Fehime Sultan Mansion was constructed as a marriage gift in 1883 for Fehime Sultan, the daughter of V. Murat by Sultan Abdulhamit. The mansion on a masonry floor covered with limestone and which has two wooden floors and an attic has a floor area for 850 mt2. As the result of the excavations carried out at the garden next to the work, foundations traces of Turkish Bath and Hostler House visible on the archive documents were found.
Hatice Sultan Mansion belongs to Ali Sait Pasha with the grove and mansion at the highway side and is known to have been constructed as marriage gift for Hatice Sultan, another daughter of V. Murat in 1870s by Sultan Abdulhamit. Hatice Sultan Mansion constructed on a masonry basement which has a half floor height consists of two wooden floors and an attic and has a floor area for 590 mt2. Besides, there have been Selamlik Mansion outbuildings where several service places took place (such as kitchen, bathroom, laundry room, etc.) and a corridor which connects that outbuildings with the part of the house reserved for men within the mansion in the archive documents.
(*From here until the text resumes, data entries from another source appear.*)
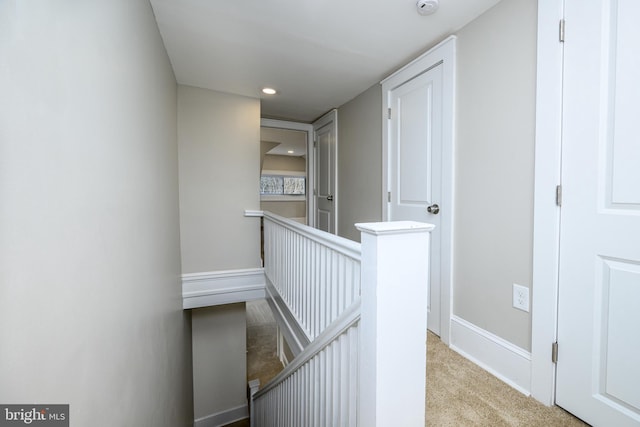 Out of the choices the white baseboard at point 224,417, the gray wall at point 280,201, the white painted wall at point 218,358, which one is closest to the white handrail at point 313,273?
the white painted wall at point 218,358

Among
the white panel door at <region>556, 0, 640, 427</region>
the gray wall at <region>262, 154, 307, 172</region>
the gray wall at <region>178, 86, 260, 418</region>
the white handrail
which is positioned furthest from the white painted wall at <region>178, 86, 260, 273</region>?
the gray wall at <region>262, 154, 307, 172</region>

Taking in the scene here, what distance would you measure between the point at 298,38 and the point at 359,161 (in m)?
1.36

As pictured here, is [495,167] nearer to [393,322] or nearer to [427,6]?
[427,6]

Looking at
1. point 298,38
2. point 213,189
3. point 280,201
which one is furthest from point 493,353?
point 280,201

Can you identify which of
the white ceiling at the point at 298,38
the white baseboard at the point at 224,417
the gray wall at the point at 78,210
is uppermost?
the white ceiling at the point at 298,38

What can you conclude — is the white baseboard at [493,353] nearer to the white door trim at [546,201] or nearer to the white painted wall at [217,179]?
the white door trim at [546,201]

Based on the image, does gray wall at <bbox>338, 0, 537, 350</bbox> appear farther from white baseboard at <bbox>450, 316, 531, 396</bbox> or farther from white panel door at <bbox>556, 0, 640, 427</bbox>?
white panel door at <bbox>556, 0, 640, 427</bbox>

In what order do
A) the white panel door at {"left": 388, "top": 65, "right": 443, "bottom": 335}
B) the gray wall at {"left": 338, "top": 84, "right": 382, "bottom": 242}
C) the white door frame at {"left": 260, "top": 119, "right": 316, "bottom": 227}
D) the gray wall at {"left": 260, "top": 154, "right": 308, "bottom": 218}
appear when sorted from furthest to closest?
the gray wall at {"left": 260, "top": 154, "right": 308, "bottom": 218} → the white door frame at {"left": 260, "top": 119, "right": 316, "bottom": 227} → the gray wall at {"left": 338, "top": 84, "right": 382, "bottom": 242} → the white panel door at {"left": 388, "top": 65, "right": 443, "bottom": 335}

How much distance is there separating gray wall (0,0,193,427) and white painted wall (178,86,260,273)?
129 cm

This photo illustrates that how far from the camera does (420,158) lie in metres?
2.09

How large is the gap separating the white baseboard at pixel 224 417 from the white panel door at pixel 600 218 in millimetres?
3659

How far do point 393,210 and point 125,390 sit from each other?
6.75ft

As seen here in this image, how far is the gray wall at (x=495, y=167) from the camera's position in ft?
4.67

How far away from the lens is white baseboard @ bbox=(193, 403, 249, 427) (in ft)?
11.5
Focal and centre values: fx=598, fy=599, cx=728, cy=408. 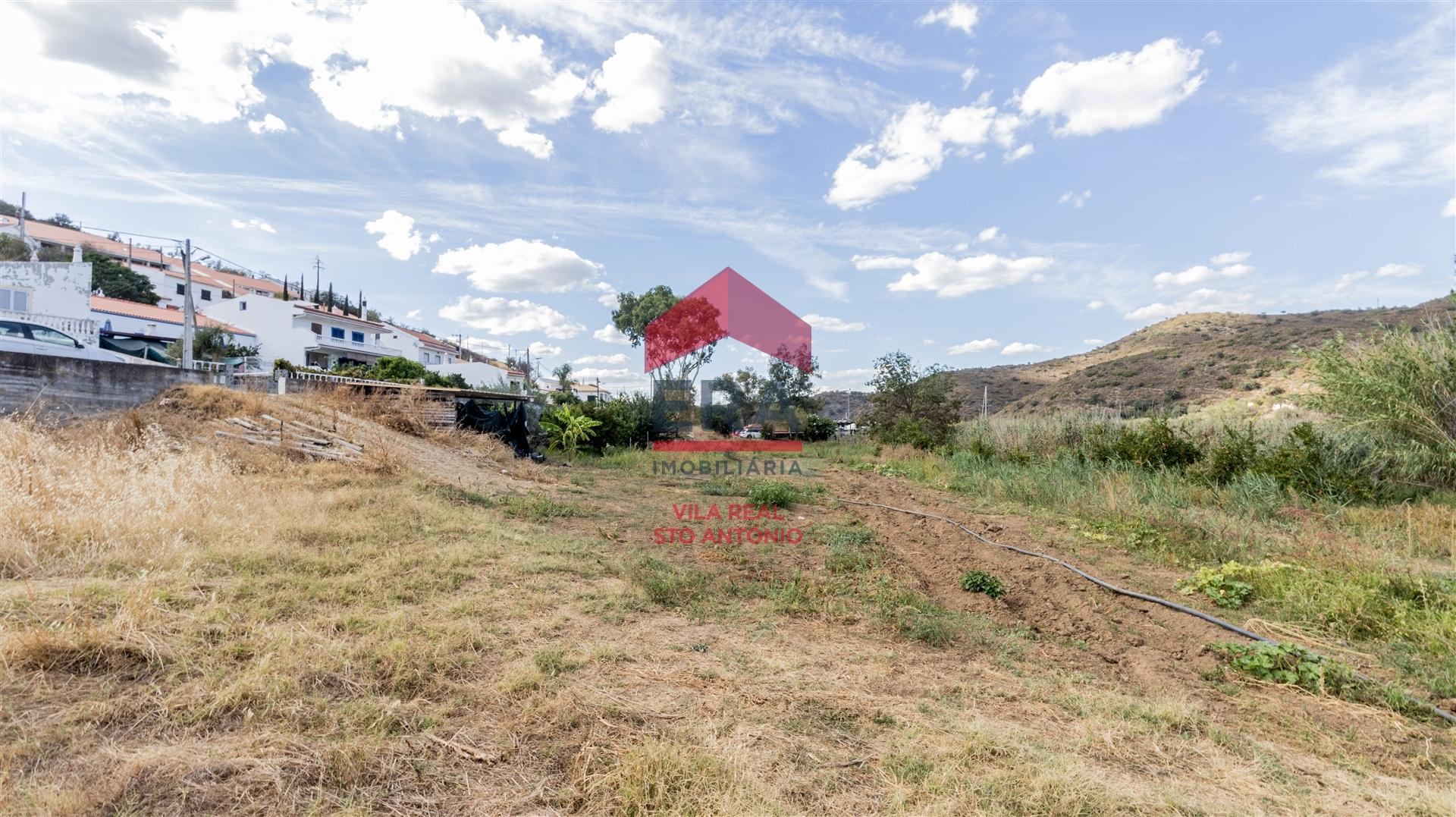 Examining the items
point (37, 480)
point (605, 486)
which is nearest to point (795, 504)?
point (605, 486)

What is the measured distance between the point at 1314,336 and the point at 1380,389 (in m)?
30.3

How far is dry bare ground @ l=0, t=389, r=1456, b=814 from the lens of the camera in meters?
2.06

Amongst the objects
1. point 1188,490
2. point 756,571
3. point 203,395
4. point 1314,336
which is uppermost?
point 1314,336

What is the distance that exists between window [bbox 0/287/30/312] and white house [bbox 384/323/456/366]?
1630 cm

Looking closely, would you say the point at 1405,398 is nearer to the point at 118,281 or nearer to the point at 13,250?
the point at 118,281

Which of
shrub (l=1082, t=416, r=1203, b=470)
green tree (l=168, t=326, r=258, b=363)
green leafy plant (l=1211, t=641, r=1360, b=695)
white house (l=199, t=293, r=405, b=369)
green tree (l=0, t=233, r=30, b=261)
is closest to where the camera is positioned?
green leafy plant (l=1211, t=641, r=1360, b=695)

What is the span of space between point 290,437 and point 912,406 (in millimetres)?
14456

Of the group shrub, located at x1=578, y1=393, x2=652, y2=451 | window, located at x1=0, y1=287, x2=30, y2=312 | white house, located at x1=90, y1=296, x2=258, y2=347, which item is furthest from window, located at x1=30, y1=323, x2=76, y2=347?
white house, located at x1=90, y1=296, x2=258, y2=347

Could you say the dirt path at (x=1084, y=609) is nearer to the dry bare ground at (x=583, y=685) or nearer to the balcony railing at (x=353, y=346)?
the dry bare ground at (x=583, y=685)

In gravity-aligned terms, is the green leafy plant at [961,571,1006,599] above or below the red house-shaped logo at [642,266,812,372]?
below

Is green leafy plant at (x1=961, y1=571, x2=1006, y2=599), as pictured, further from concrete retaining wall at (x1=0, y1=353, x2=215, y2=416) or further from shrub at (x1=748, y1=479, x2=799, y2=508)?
concrete retaining wall at (x1=0, y1=353, x2=215, y2=416)

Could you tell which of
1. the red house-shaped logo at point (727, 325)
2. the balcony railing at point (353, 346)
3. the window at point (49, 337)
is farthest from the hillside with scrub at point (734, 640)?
the balcony railing at point (353, 346)

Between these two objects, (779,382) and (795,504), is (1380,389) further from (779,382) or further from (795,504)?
(779,382)

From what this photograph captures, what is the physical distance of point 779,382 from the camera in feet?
88.1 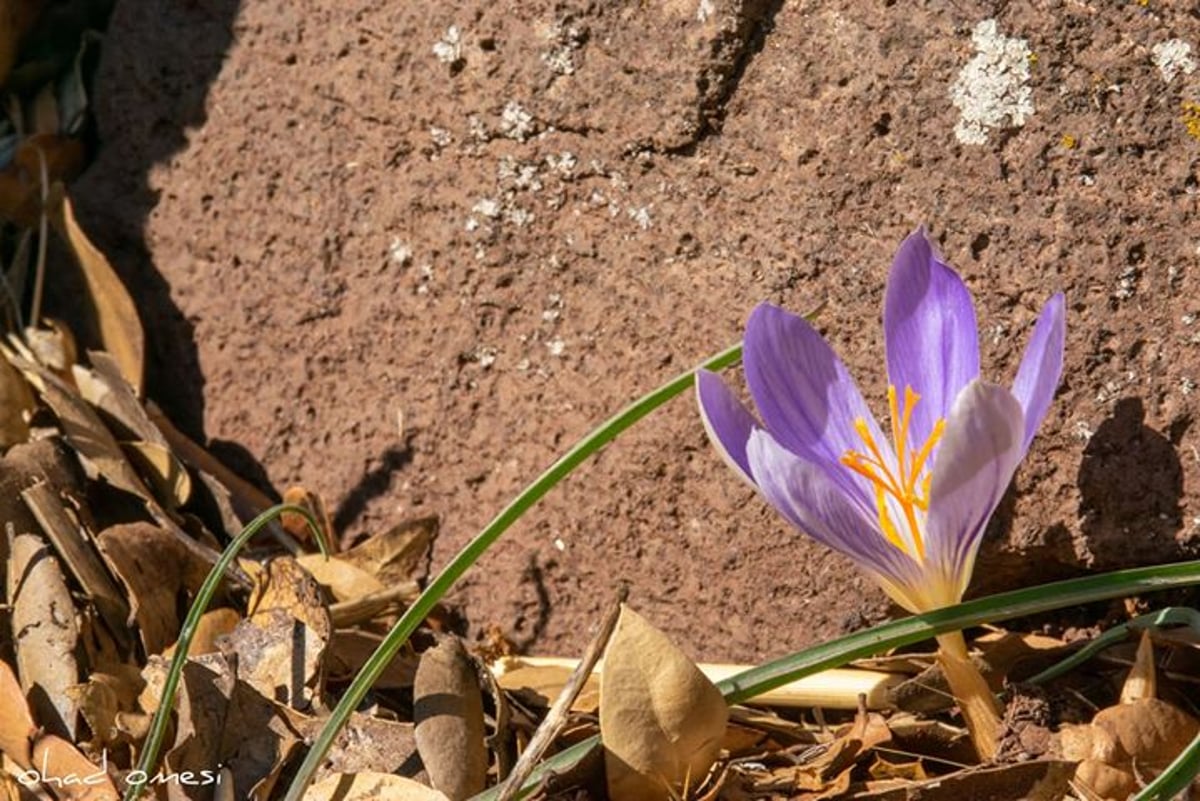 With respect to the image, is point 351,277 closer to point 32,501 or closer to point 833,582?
point 32,501

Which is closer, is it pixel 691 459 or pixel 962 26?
pixel 962 26

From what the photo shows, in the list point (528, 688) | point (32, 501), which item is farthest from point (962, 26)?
point (32, 501)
The parts left from the fire which Fehime Sultan Mansion went through were taken under protection by being removed within the scope of the restoration works. All parts of quality documented with inventory works were repaired and conserved in an atelier created. Structural elements of the mansion which could not be used after the fire were manufactured in compliance with the original details and integrated with the elements of which repair and conservation were realized. Elements of quality in Hatice Sultan Mansion were removed and repaired and conserved within the scope of the restoration works. The parts which lost their characteristics on the wooden masonry part of the construction were replaced and the parts which were not ruined strengthened. The construction was suspended because of the floor problems and flooring strengthening was performed. Following the completion of the strengthening and repair works, the original elements which had been removed were placed once again. Selamlik Pavilion, Turkish Bath and Hostler House found as the result of archive research and excavations have been reconstructed through contemporary construction methods in compliance with the characteristics of the period. Pavilion, Dock and Basement constructions to be made additionally within the area where the old works planned to be use with touristic purposes have taken place were reconstructed in compliance with the their functions-to-be and their applications are still under progress.